(Caption-style text data)
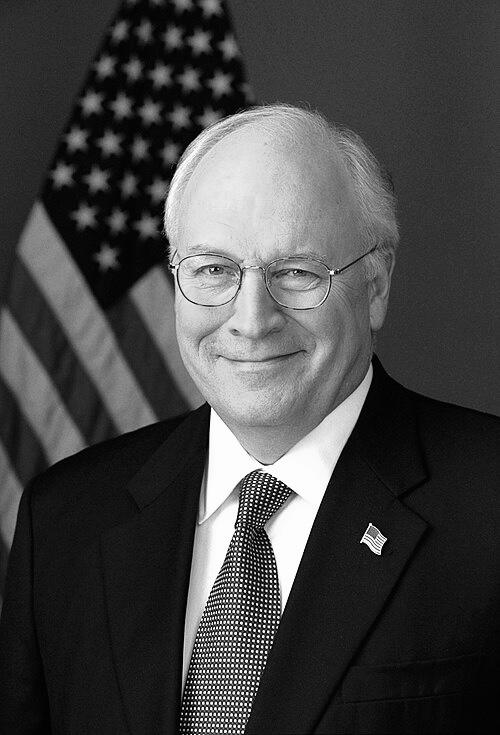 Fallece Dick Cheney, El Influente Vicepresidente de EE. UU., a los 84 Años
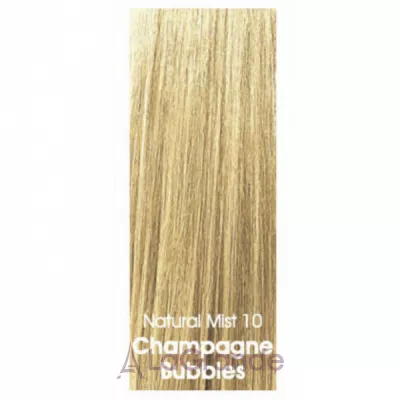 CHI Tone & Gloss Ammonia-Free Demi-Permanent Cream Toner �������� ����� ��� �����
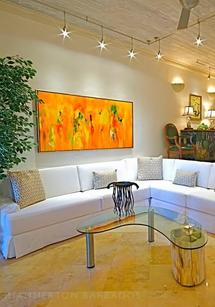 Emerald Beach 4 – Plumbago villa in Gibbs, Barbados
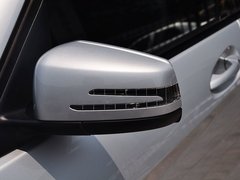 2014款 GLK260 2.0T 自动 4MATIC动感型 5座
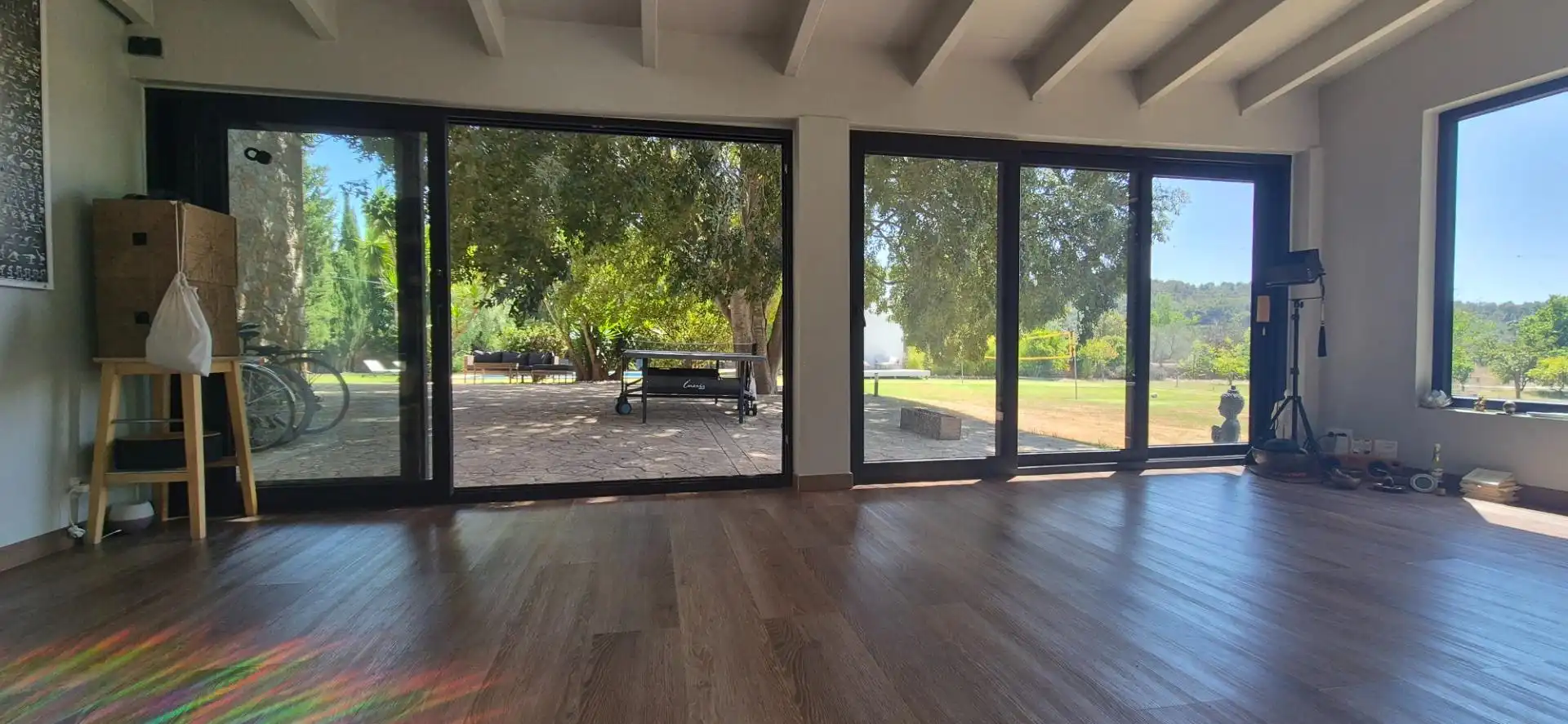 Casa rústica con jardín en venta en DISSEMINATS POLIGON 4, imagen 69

Exercise objective:
Please copy out each line above exactly as written, but not the pictures.

Written solution:
 Fallece Dick Cheney, El Influente Vicepresidente de EE. UU., a los 84 Años
 CHI Tone & Gloss Ammonia-Free Demi-Permanent Cream Toner �������� ����� ��� �����
 Emerald Beach 4 – Plumbago villa in Gibbs, Barbados
 2014款 GLK260 2.0T 自动 4MATIC动感型 5座
 Casa rústica con jardín en venta en DISSEMINATS POLIGON 4, imagen 69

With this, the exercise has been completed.